Bisseck a La Gazzetta: «Felice del rinnovo, la fiducia dell’Inter non è mai mancata. Con Stones si alza il livello e la concorrenza»

Imagen del artículo:Bisseck a La Gazzetta: «Felice del rinnovo, la fiducia dell’Inter non è mai mancata. Con Stones si alza il livello e la concorrenza»

Yann Bisseck parla così a La Gazzetta dello Sport. Dal rinnovo con l’Inter fino all’arrivo di un difensore come John Stones: ecco le sue parole

Fresco di prolungamento contrattuale che lo ha legato al club nerazzurro fino al 30 giugno 2031, il difensore tedesco Yann Bisseck si è raccontato in una lunga intervista concessa alla Gazzetta dello Sport direttamente dal ritiro di Perth, in Australia.

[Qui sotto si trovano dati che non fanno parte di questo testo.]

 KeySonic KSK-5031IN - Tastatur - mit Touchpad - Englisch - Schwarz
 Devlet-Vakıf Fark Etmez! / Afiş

SUL RINNOVO CON L’INTER – «Ovviamente è una bella notizia per me. Ma non cambierà molto nella mia percezione di ciò che significa giocare nell’Inter. Quando l’ho scelta, questa squadra così speciale, l’ho fatto perché mi piacevano il club e la città dove avrei vissuto. Siccome mi trovo molto bene, è tutto proprio come lo avevo immaginato prima, non ho mai pensato ad altro che a questa maglia».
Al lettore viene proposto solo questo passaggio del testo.